Tuesday is gonna be a fun day. Not only will it mean Monday is behind us (I actually like Mondays – why doesn’t everybody else?), but it’ll also mean that new iPhones will be introduced before the end of the day.
Toward the end of last month, Apple sent out invitations to an event it’s hosting this Tuesday with the tagline “By innovation only.” That’s a pretty vague tagline that does nothing but hint at Apple’s self-proclaimed innovation efforts. Nonetheless, it’s an event being held in early September, and that could only mean one thing: new iPhones are on their way.
The past few years have proven, however, that new iPhones are typically accompanied by a few other announcements like a new Apple Watch and Apple TV. This year, we’re expecting a similar story, but no doubt will the limelight be on the latest smartphones from the Cupertino-based company.
Here are the features I’m expecting to see in the new phones come Tuesday afternoon/morning (depending on where you live).
iPhone 11, iPhone 11 Pro, and iPhone 11 Pro Max
First things first, Apple’s doing three new iPhones this year. They’re all gonna succeed last year’s iPhone XS, iPhone XS Max, and iPhone XR. And as we saw last year, Apple is doing another funky naming scheme, but this one seems to be a bit cleaner.
Design & Display
This year, we’re expecting an iPhone 11 (updated XR), an iPhone 11 Pro (updated XS), and an iPhone 11 Pro Max (updated XS Max). All three will look extremely similar to last year’s iPhones with glass bodies, virtually identical screens, and identical notches.
The biggest visual difference on the new iPhones will be a triple camera system that will live in a square bump at the top left. The setup will consist of a standard lens, a telephoto lens, and a new ultra-wide shooter. We’ve been seeing this type of layout for phone cameras since last year, and now, Apple will finally jump on board.
Of course, as you’re probably expecting, Apple is shaking things up a bit with its camera system. It’s almost like Apple can never sit still with features it brings to its phones, because even the most basic of features serve some “magical” purpose.
That “magical” purpose will be the responsibility of the ultra-wide lens Apple is introducing. Most manufacturers usually just implement the camera and hope it performs well, but Apple will be taking things a step further on both the iPhone 11 Pro and iPhone 11 Pro Max in hopes that it can be genuinely useful when taking normal photos.
According to multiple reports, Apple will use the ultra-wide lens to collect additional information. That way, if a subject gets cut out of a normal photo taken with either Pro iPhone, the ultra-wide lens can capture the subject and blend them back into the main photograph. The company will also utilize new AI-powered correction tools that should help to make your pictures better without your own intervention.

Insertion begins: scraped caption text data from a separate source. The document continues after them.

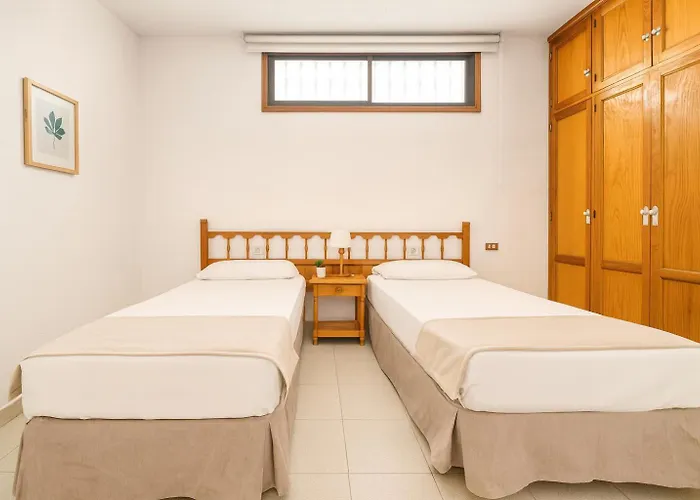 Lägenhet Dos Diecisiete Playa La Arena *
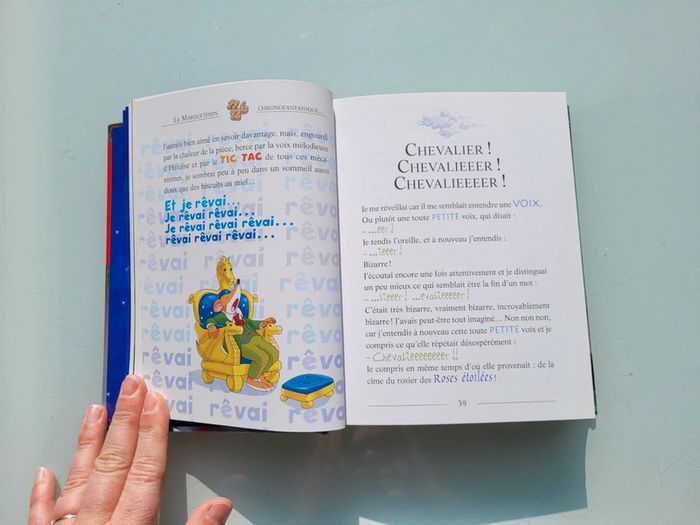 Le Royaume de l'Horloge Magique, Un Voyage au royaume de la fantaisie, Geronimo Stilton (53) - photo numéro 10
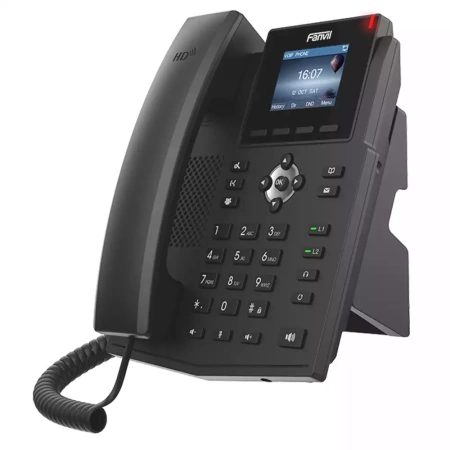 X3S/X3SP Корпоративный IP-телефон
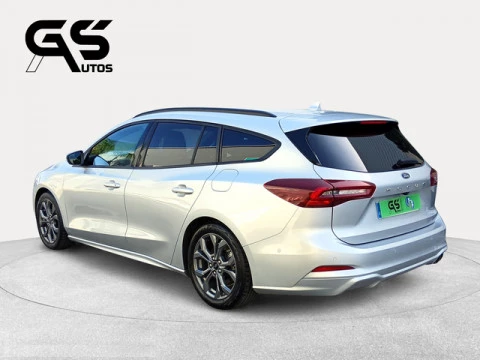 Ford Focus SportBreak 1.0 Ecoboost MHEV ST-Line Auto 114 kW (155 CV)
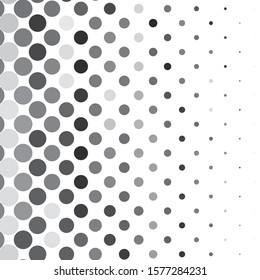 Vintage halftone monochrome geometric texture background. Vector Abstract Texture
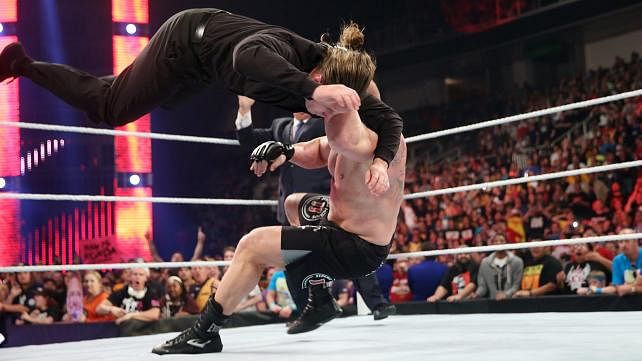 Why Brock Lesnar was 'suspended', SmackDown match announced - 642 x 361 jpeg 40kB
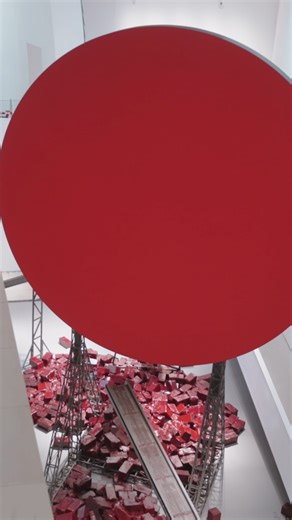 Artist Anish Kapoor explores the color red. Watch more on art21.org/anishkapoor. | Art21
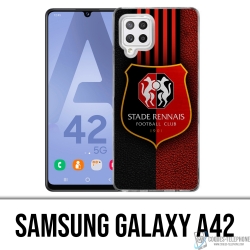 Custodia per Samsung Galaxy A42 - Stade Rennais Football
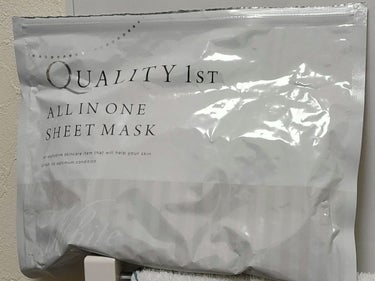 オールインワンシートマスク ホワイトEX 30枚/クオリティファースト/シートマスク・パックを使ったクチコミ（1枚目）
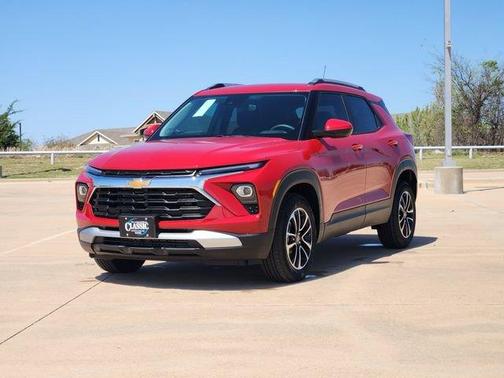 Red 2026 Chevrolet Trailblazer LT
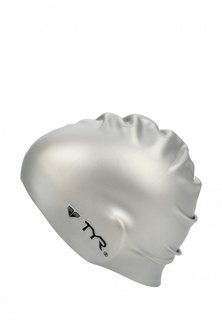 Шапочка для плавания TYR Wrinkle Free Silicone Cap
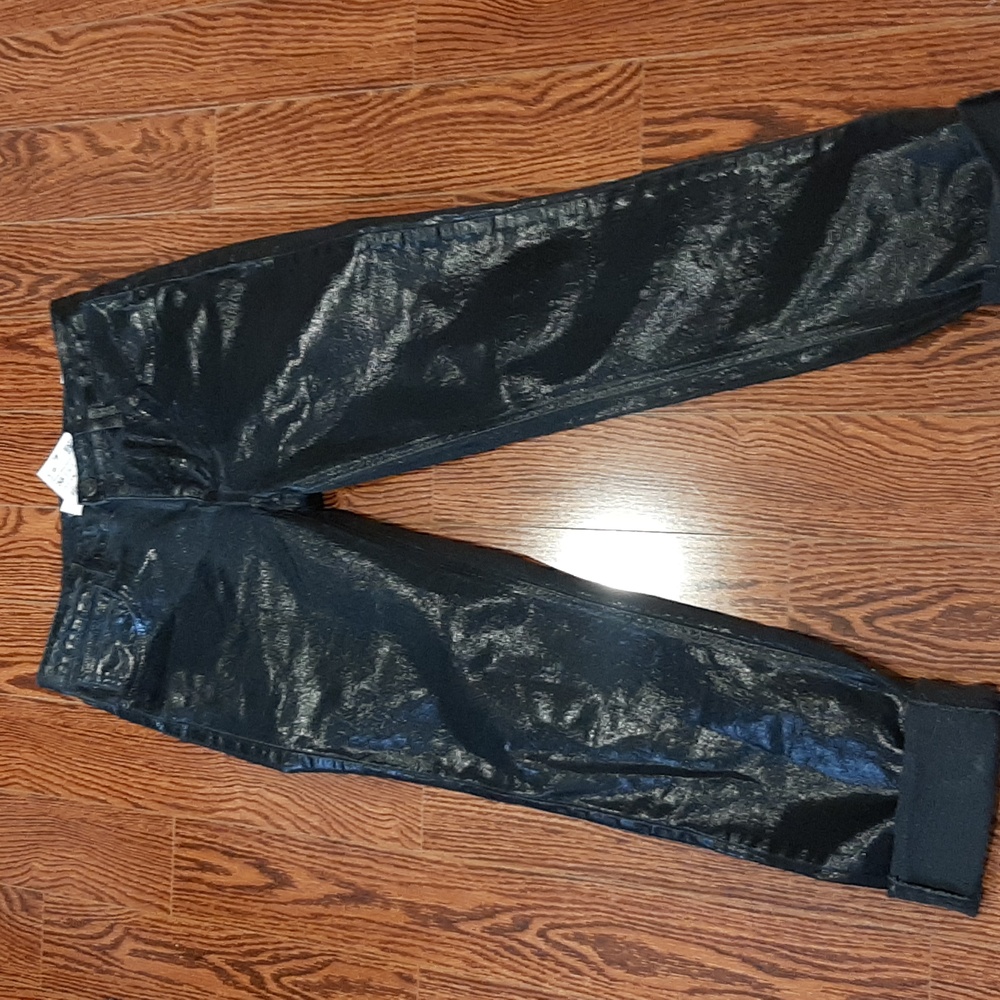 Zara Black Straight Leg Jeans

This is an interesting approach for Apple. It sounds like they’re trying to do “magical” things with its cameras this year, and I can’t help but feel like it’s all in response to the raving reviews the Google Pixel’s camera has gotten over its lifespan. Even Bloomberg says to expect Apple to talk about its improved dark environment photography, something the Pixel has been known to do extremely well for a number of years.
Most interestingly of them all, the camera will be the iPhone 11’s principal focus. There’s no new flashy design or complete rethinking of what the iPhone can be to distract you from what the company does with its shooters. Because of this, Apple better be ready to step up its game, because it’s all anyone’s gonna be talking about.
In addition, Apple will be giving the standard iPhone 11 a second telephoto lens with the same capabilities as the existing iPhone XS.
Despite the new iPhones looking largely similar to last year’s models, reports indicate the new iPhone 11 lineup will have better water resistance. They’ll also be better prone to shattering thanks to stronger glass. Most notable, however, is the added shock resistance that Apple will include. That should help the overall lifespan of your iPhone exceed a typical two- or three-year ownership stint.
New Wireless Charging Tricks
Apple finally made wireless charging available on the iPhone in 2017 with the iPhone 8 and X. Last year, nothing new was added in terms of charging capabilities, but this year, things should take a pretty dramatic shift.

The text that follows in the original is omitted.